أُحِلَّ لَكُمْ لَيْلَةَ الصِّيَامِ الرَّفَثُ إِلَى نِسَائِكُمْ ..... (١٨٧)
“Dihalalkan bagi kamu pada malam hari bulan puasa bercampur dengan istri-istri kamu.....”  (QS. Al-Baqarah [02]: 187).

Titik-titik tersebut yang dimaksud al-ayah. Ayat itu hanya sepenggal yang disampaikan, dan masih panjang terusannya. Bisa Anda cek sendiri. Jika Anda hanya mengungkapkan sepenggal ayat tersebut, pantas Anda mengakhirnya dengan kata al-ayah. Perlu diingat baik-baik, bila Anda mengungkapkan satu ayat secara sempurna dengan tema yang sempurna pula, tak perlu diakhiri dengan al-ayah, apalagi ayat di akhir surat, misal di akhir surat Al-Baqarah. Sangat tidak perlu. Supaya tidak ditertawakan orang yang mengerti itu. Mau meneruskan ayat yang mana, wong sudah tuntas. Mujur tak dibilang, “mau khataman atau ceramah orang ini?” Lebih-lebih surat terakhir pada juz 30. Saya sangat merekomendasikan untuk tidak mengakhirinya dengan al-ayah, mendingan menutupnya dengan shadaqallahul azhim. Sangat ironis dan lucu bila itu terjadi, karena tidak ada juz 31 dalam Al-Qur’an.

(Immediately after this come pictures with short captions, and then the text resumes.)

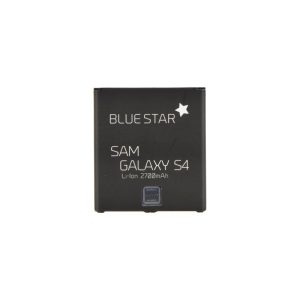 Samsung Galaxy S4 akkumulátor, utángyártott, 2700mAh, EB-B600BE, SM-I9500, BlueStar 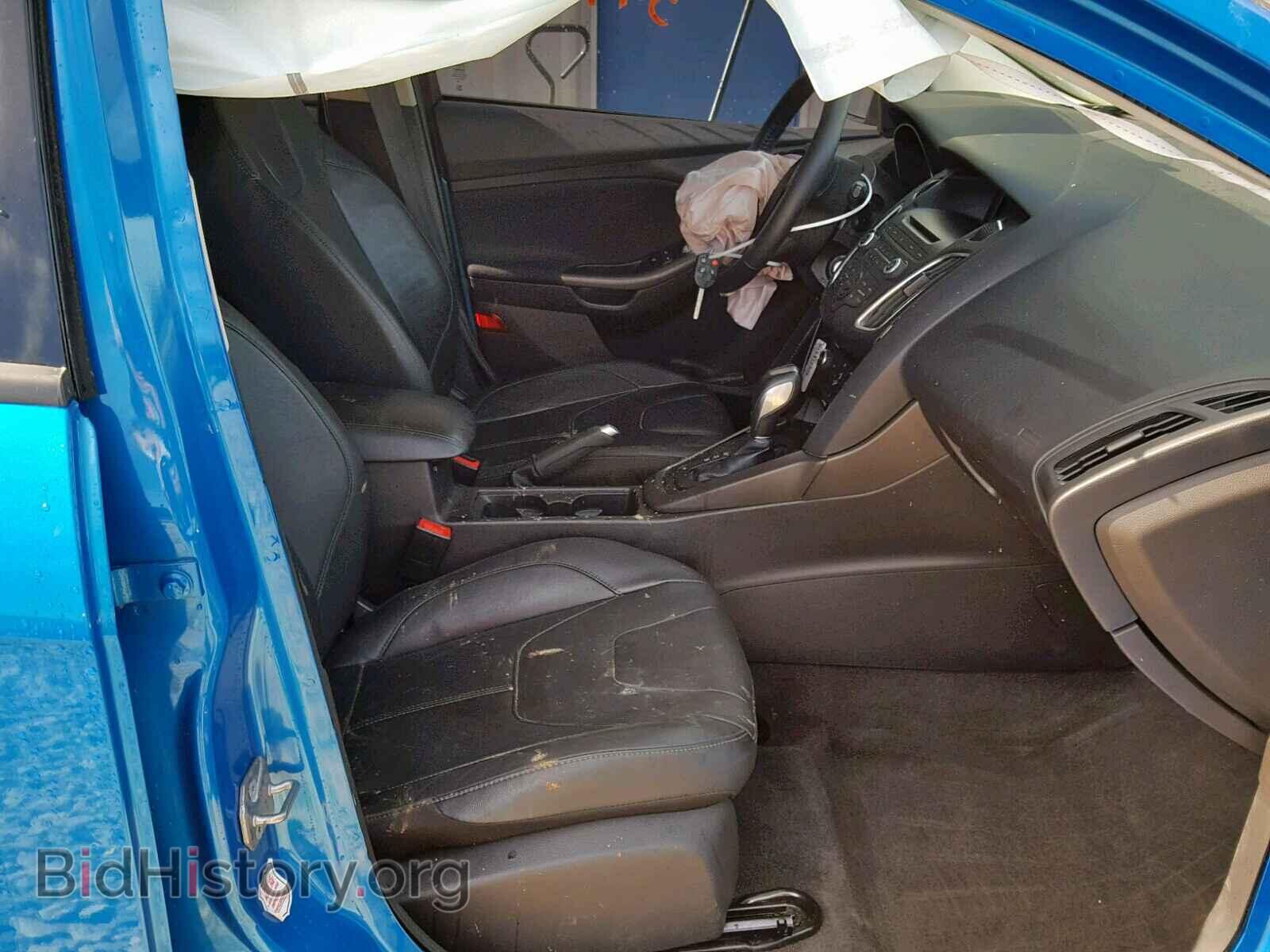 2015 FORD FOCUS SE - VIN: 1FADP3K25FL319811 - Фото 5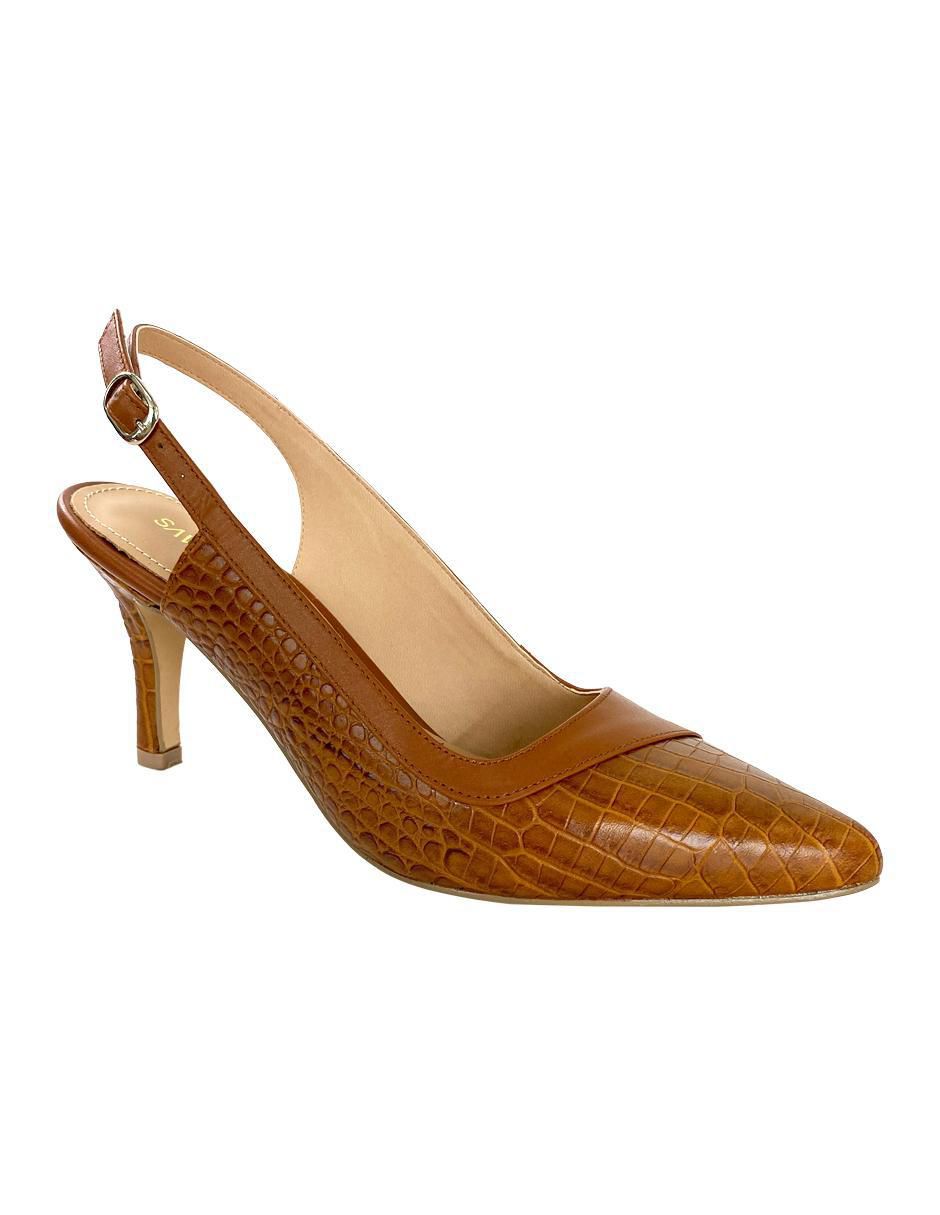 Zapatilla piel Zapatilla piel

Sedangkan kata al-hadits sering digunakan dalam bahasa tulis dengan maksud bahwa apa yang dikutip itu merupakan sabda Nabi SAW. Kita sering melihat begini: “................” (al-Hadits). Kata ini dimaksudkan sebagai pengganti periwayat terakhir atau mukharrij (peneliti hadits), seperti Imam Bukhari, Imam Muslim atau lainnya, tapi secara anonim, tidak disebutkan secara pasti, siapa periwayatnya. Sebaiknya, menurut saya, disebutkan lebih awal bahwa itu hadits, dengan mengatakan: Rasulullah SAW bersabda: “................”.

Bahasa tulis risikonya lebih besar ketimbang bahasa lisan. Bahasa tulis akan lebih awet keberadaannya, sedangkan bahasa lisan sekali diucapkan, orang-orang mungkin sudah banyak yang lupa. Maka, akurasi dalil jangan sampai disepelekan sebagai tanggung jawab ilmiah. Wallah a’lam.